▼
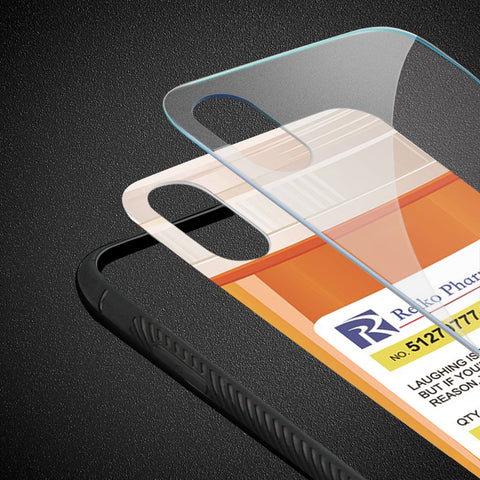 Reiko Iphone X/iphone Xs Hard Glass Design Tpu Case With Pill Container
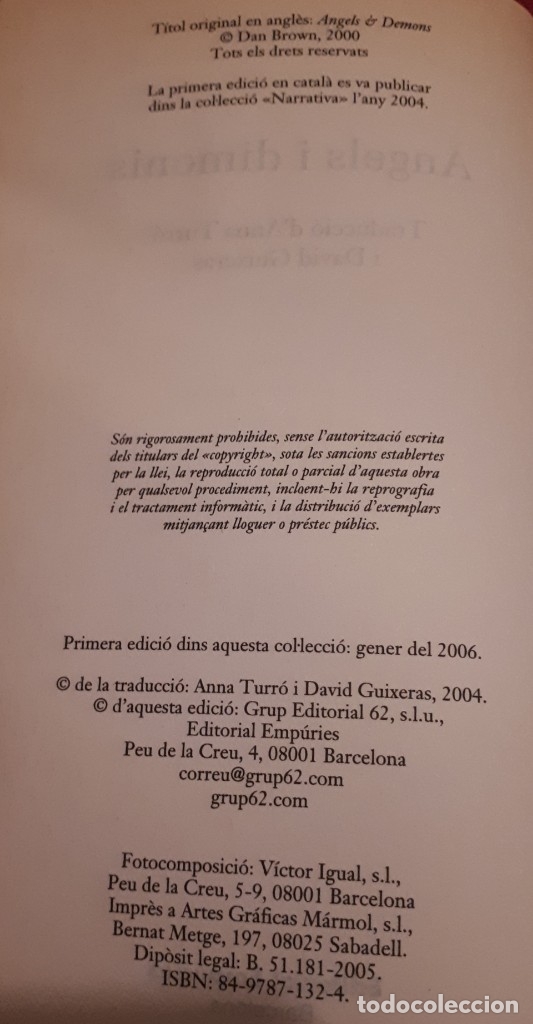 Libros de segunda mano: &Agrave;ngels i dimonis &ndash; Dan Brown - Foto 2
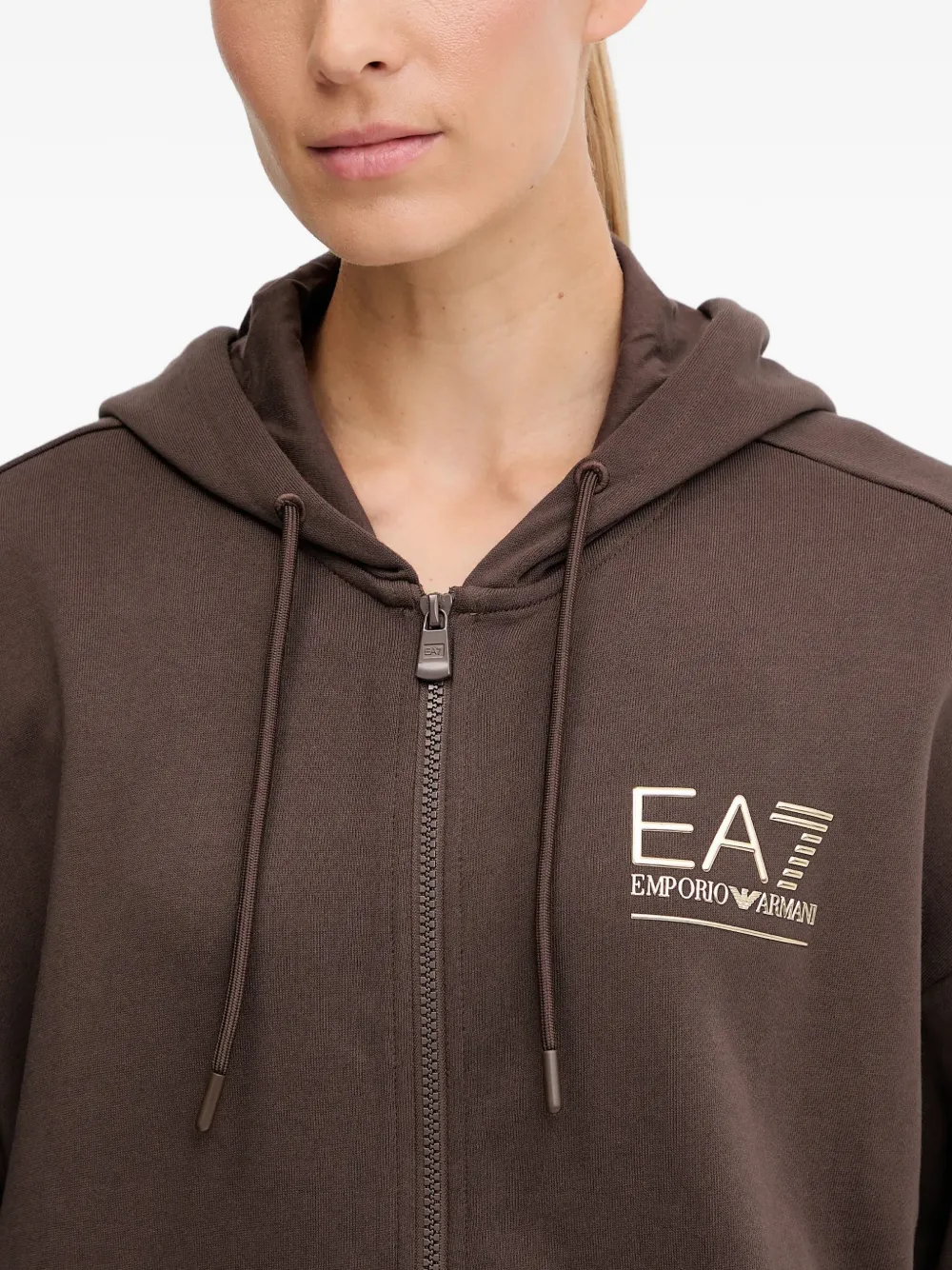 Ea7 Logo-detail Tracksuit In Brown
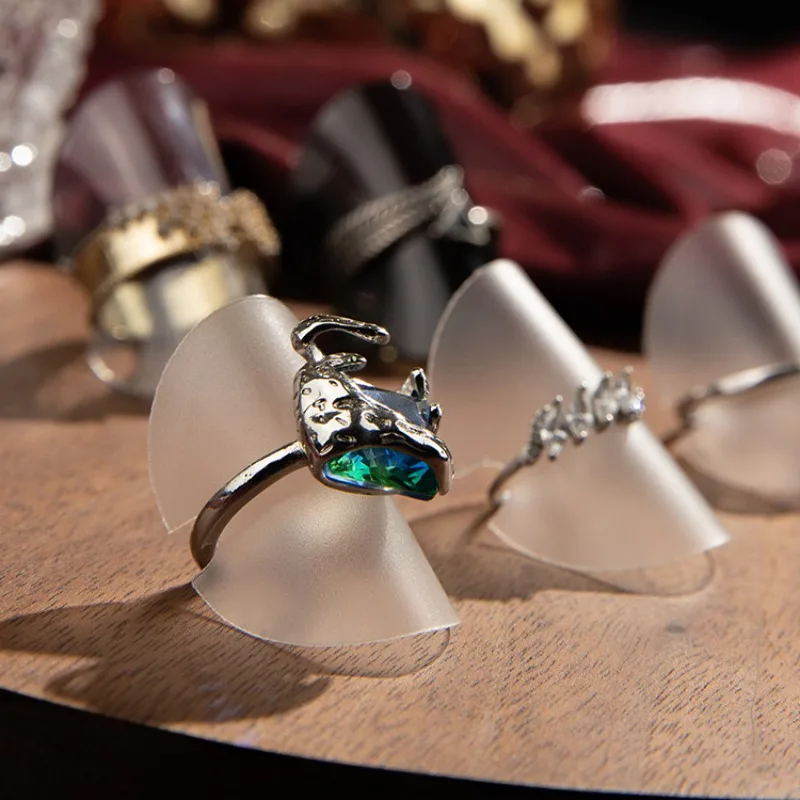 

Прозрачная стойка для демонстрации ювелирных изделий, пластиковые кольца, витрина, подставка для колец, ювелирные изделия, брелок, держатель для шоу, реквизит для дисплея в прямом эфире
▲
--- WHAT YOU ARE ASKED TO DO ---
Return nothing except the lines from the one containing "Libros de segunda" through the final line of the data, copied exactly. Leave out all pictures.

--- EXPECTED ANSWER ---
 Libros de segunda mano: &Agrave;ngels i dimonis &ndash; Dan Brown - Foto 2
 Ea7 Logo-detail Tracksuit In Brown

Прозрачная стойка для демонстрации ювелирных изделий, пластиковые кольца, витрина, подставка для колец, ювелирные изделия, брелок, держатель для шоу, реквизит для дисплея в прямом эфире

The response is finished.